What to do – Copy verbatim the span of lines beginning at the line that contains "Cotton Slub Socks Beige White" and ending with the final line of the data. Exclude pictures from the copy.

_ _ _ _

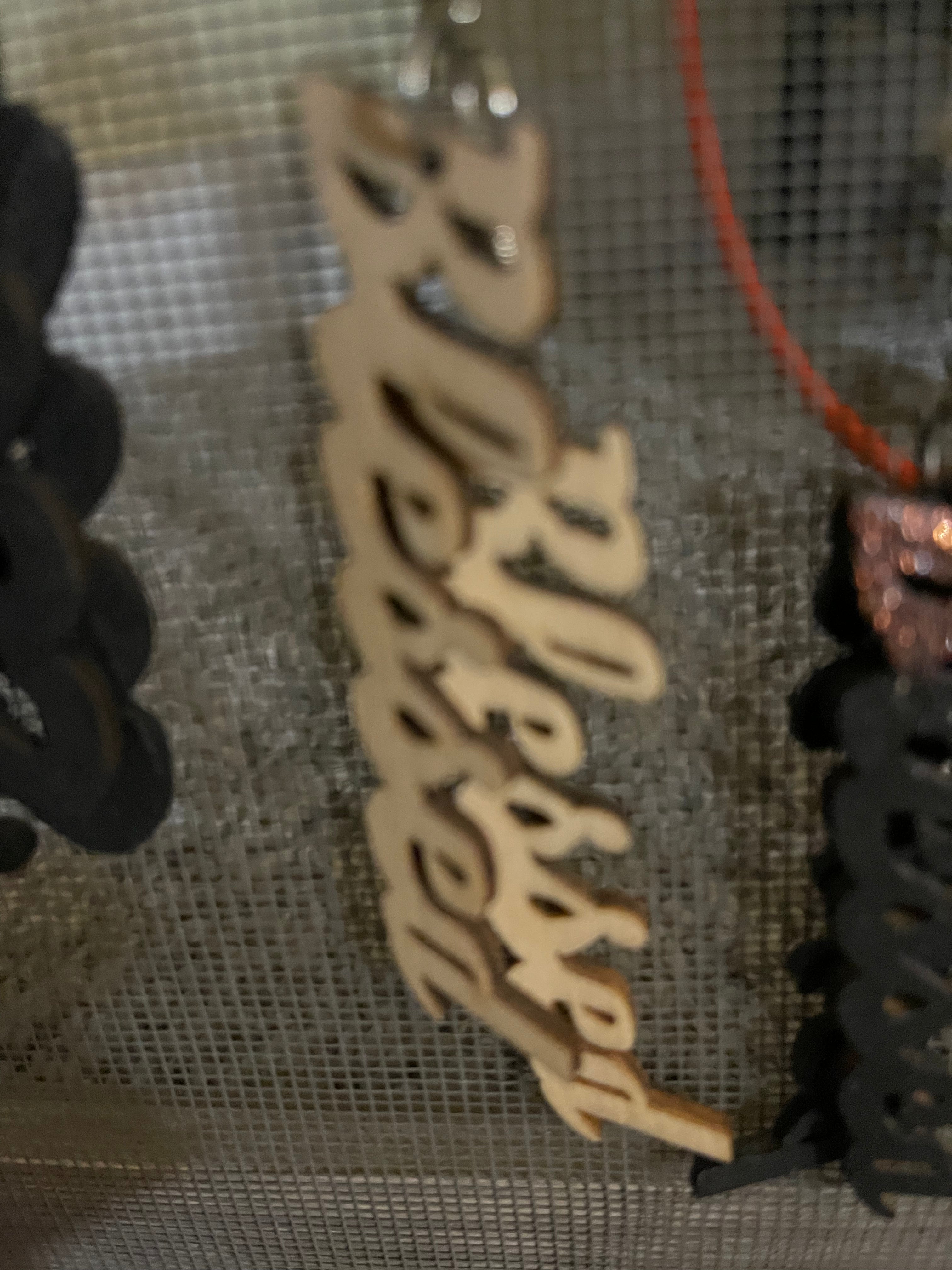 Blessed script earrings (Wood)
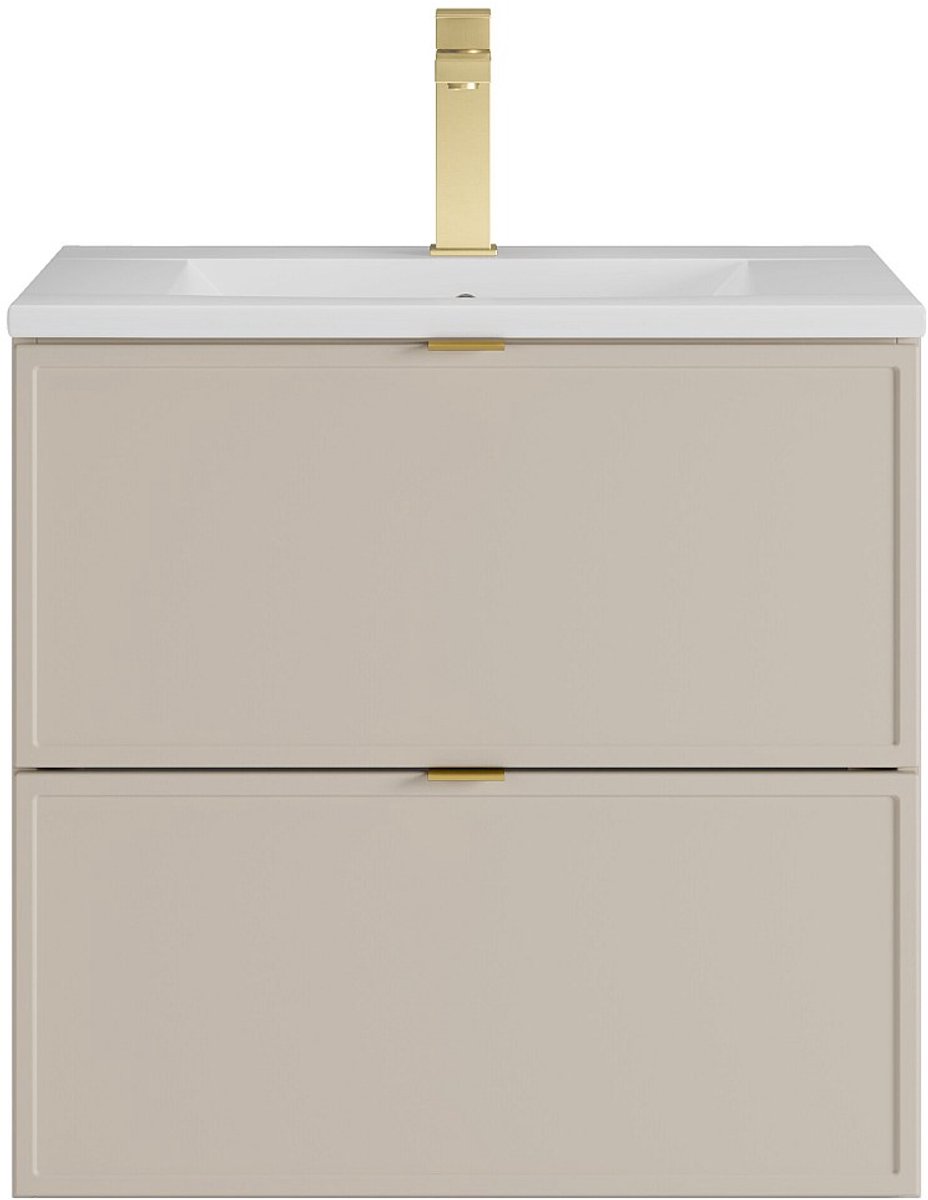 Vente-unique Zwevend badkamermeubel met inbouwwastafel en kraan - Beige - 60 cm - ONDIL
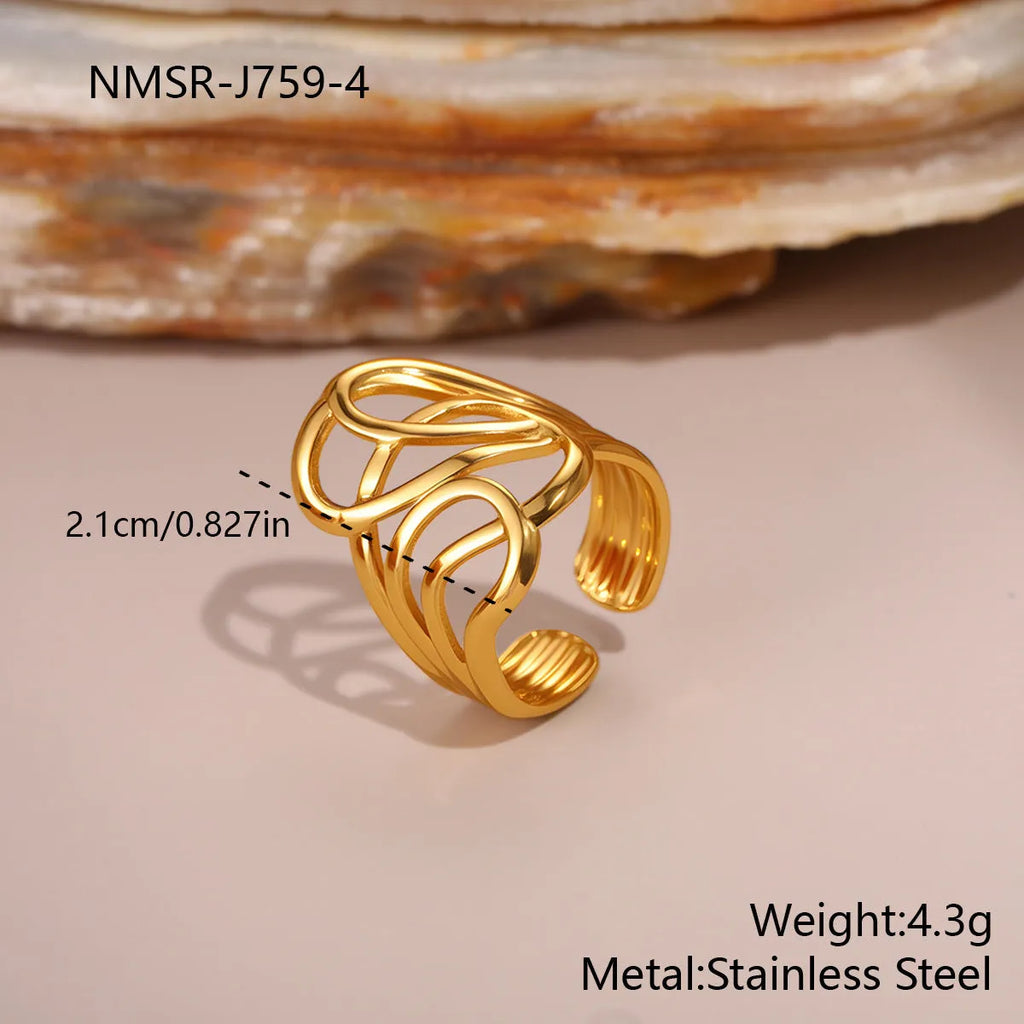 Stainless steel ring with geometric and flower pattern in open design, electroplated finish, one size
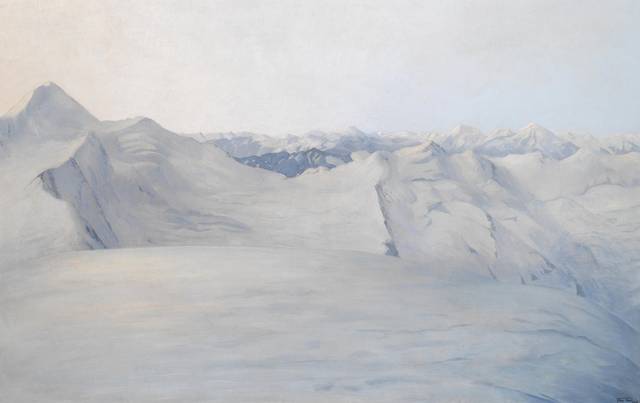 雪山顶风景油画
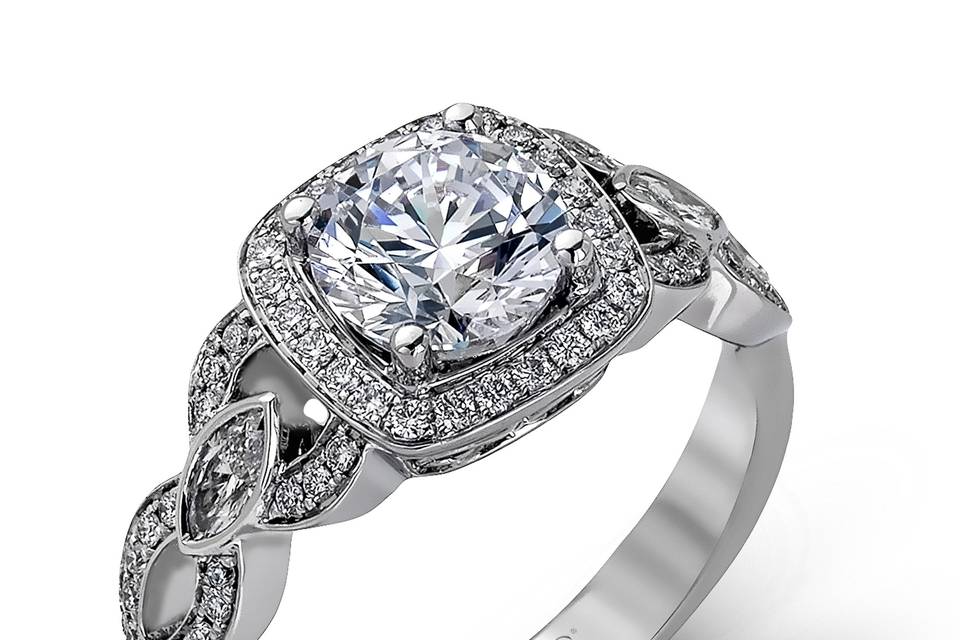 Style	TR395	<br>	18K white gold ring comprised of 0.23ctw round white diamonds and 0.20ctw marquise diamonds.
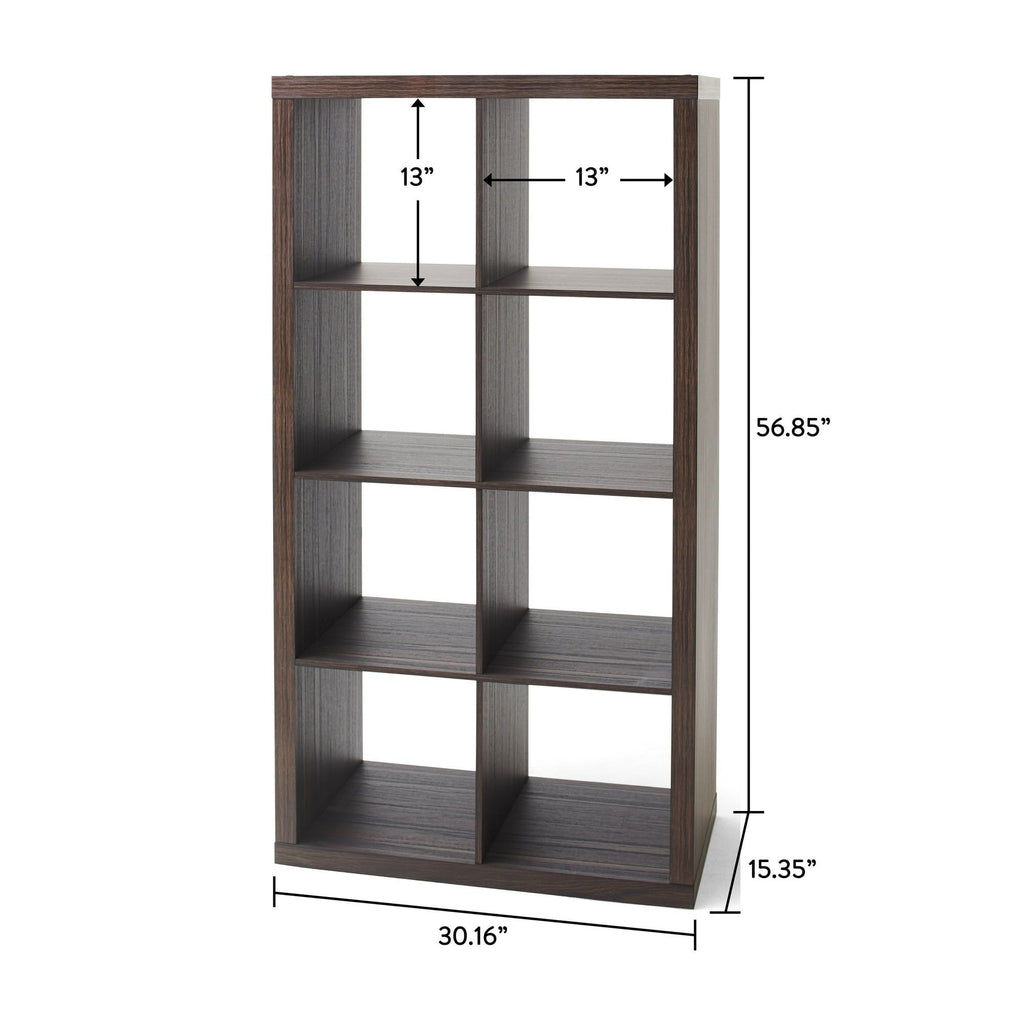 Tobacco Oak Eight-Cube Organizer with Flexible Placement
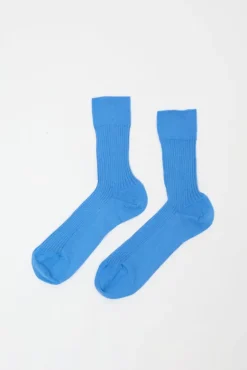 Ribbed Mid Calf Bio Cotton Socks in Blu Reale^No.6 Store Hot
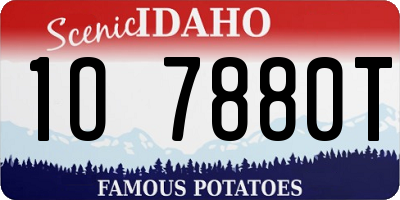 ID license plate 1O7880T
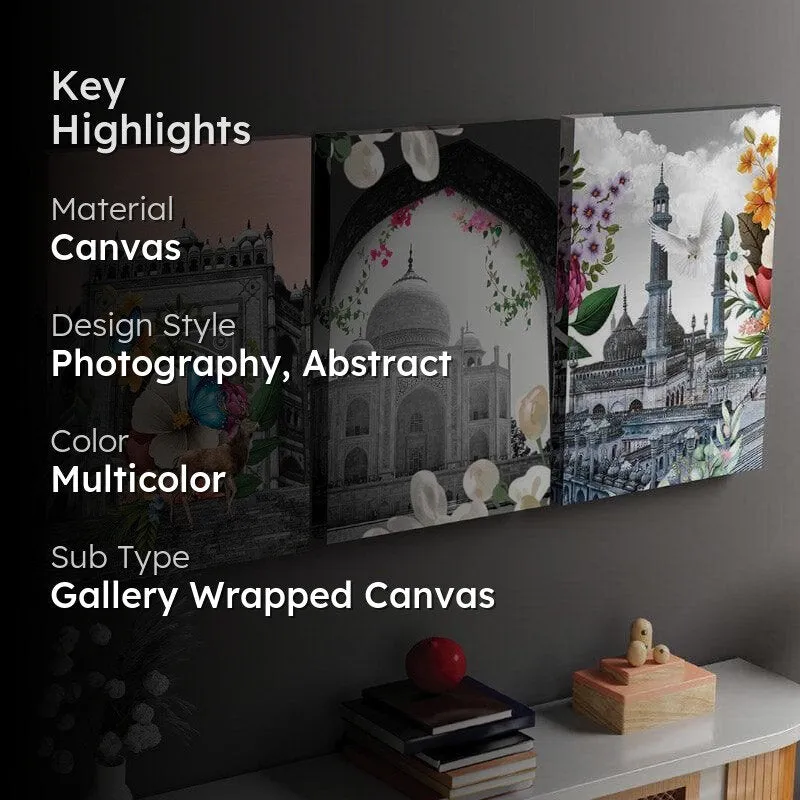 Indian Heritage Canvas Wall Painting - Set Of Two media 2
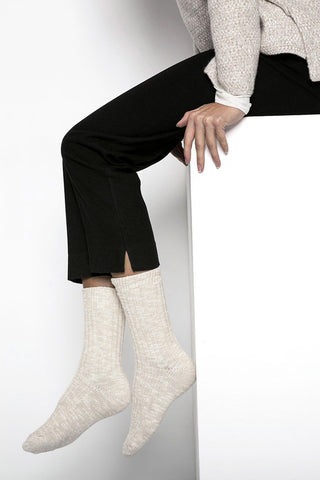 Cotton Slub Socks Beige White
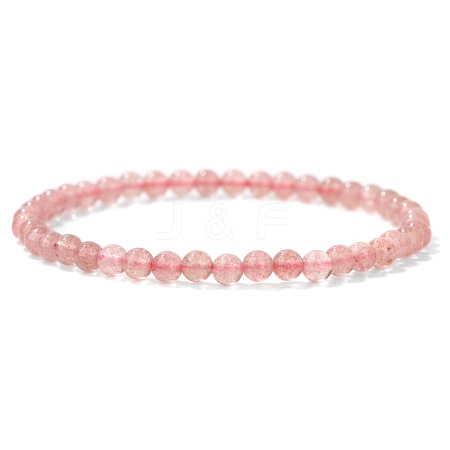 4mm Round Natural Strawberry Quartz Beads Bracelet for Men KG3069-39-1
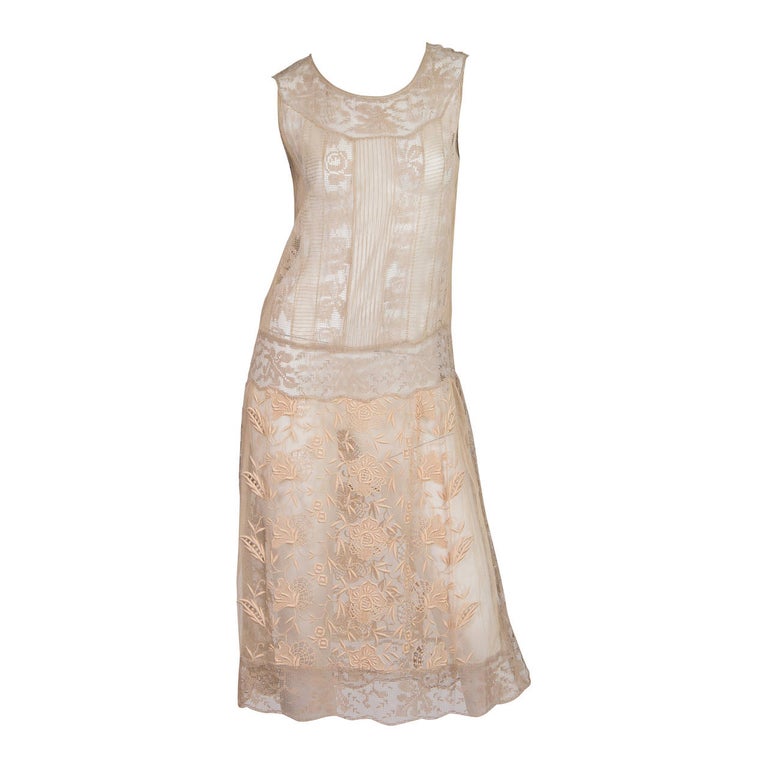 20s Handmade Lace and Embroidered Tea Dress at 1stDibs | 20s tea dress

_ _ _ _

The completed task –
 Cotton Slub Socks Beige White
 4mm Round Natural Strawberry Quartz Beads Bracelet for Men KG3069-39-1
 20s Handmade Lace and Embroidered Tea Dress at 1stDibs | 20s tea dress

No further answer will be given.